Jose Dávila
Solo show
Every blind wondering ends in a circle
Blueproject Foundation presents "Every Blind Wondering Ends in a Circle", the first solo show of the Mexican artist Jose Dávila in Barcelona. The exhibition, which can be seen in Il Salotto from June 20th to October 29th, 2017, presents four sculptures from the series Joint Effort, a group of works in which the artist reflects on the attraction and tension between the materials, emphasizing, in this case, the relationship of transparency and opacity between them.
The sculptures convey simultaneously the interests of Dávila in the architecture, the minimalism and the Art History and capture a moment of suspension and ominous tranquility. Its apparent stillness is the result of the correspondence between forces, equilibrium and gravity of the earth.
Dávila's sculptural work insists on an opposition of apparently antagonistic materials whose forces and forms are balanced to model a harmonious whole that transforms his creations into effigies of our doubts and contradictions. A formal, visual and material aporia integrated in these sculptures where we discover a coexistence of fragility and resistance, calm and tension, geometry and chaos. An unstable stillness whose suggestive poetry transforms the welcoming space of Il Salotto into a journey of unexpected reflections and tangible dialogues, in a field of flashes and symbols.
About the artist
Jose Dávila (Guadalajara, 1974) lives and works in Guadalajara, Mexico.
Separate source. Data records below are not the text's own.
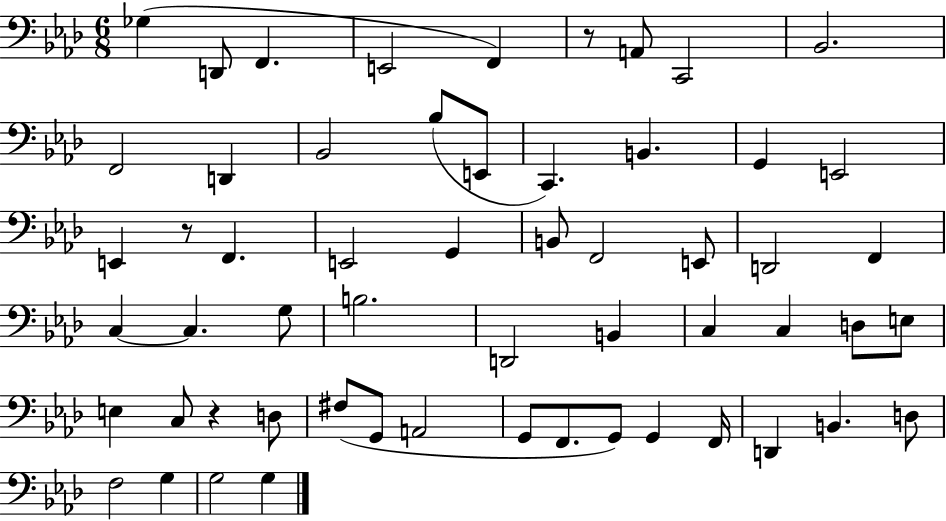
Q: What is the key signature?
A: AES major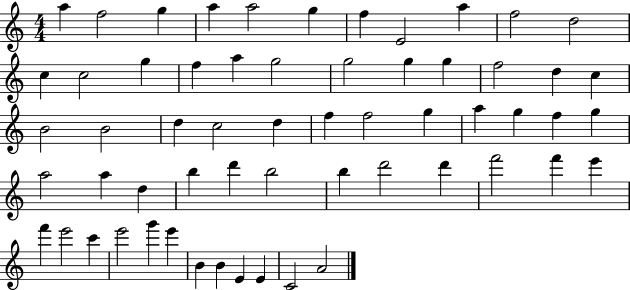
X:1
T:Untitled
M:4/4
L:1/4
K:C
a f2 g a a2 g f E2 a f2 d2 c c2 g f a g2 g2 g g f2 d c B2 B2 d c2 d f f2 g a g f g a2 a d b d' b2 b d'2 d' f'2 f' e' f' e'2 c' e'2 g' e' B B E E C2 A2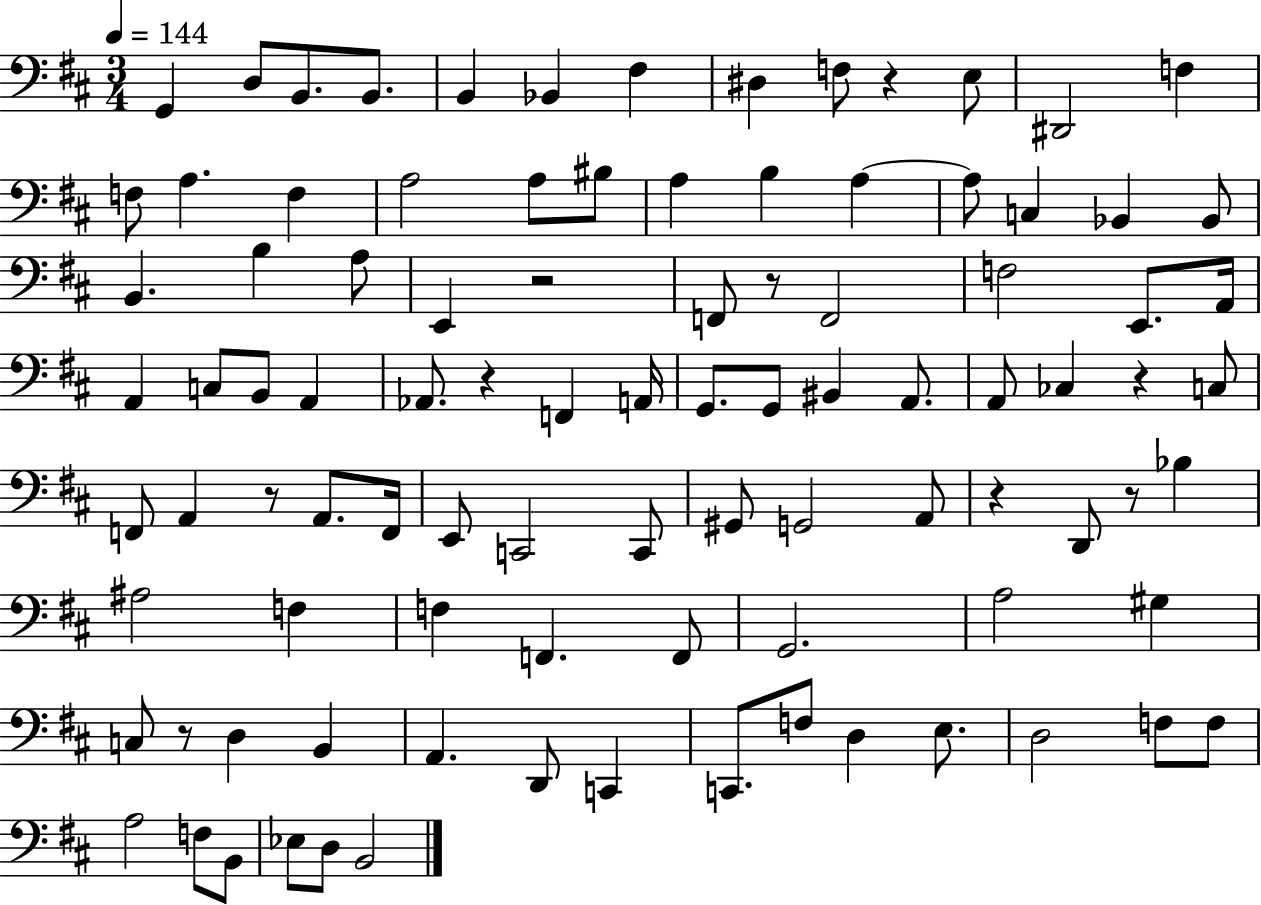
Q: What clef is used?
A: bass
The artistic practice of Jose Dávila is placed in the boundaries between the homage, the imitation and the critic. Dávila uses diverse strategies to disarticulate the relation between form and content, to address questions about the use and occupation of space, as well as to manifest the virtues and deficiencies of the referents cited. The imaginary that constitutes his work is based on a deep approach to Architecture and Western History of the Art, which allows him to create tautological games that refer to the legacy of Modernity and 20th century avant-garde. Often, the nature of his materials is as close to architecture as to elements of construction, which subscribes Davila's work to the principles of Minimalism and Art Povera.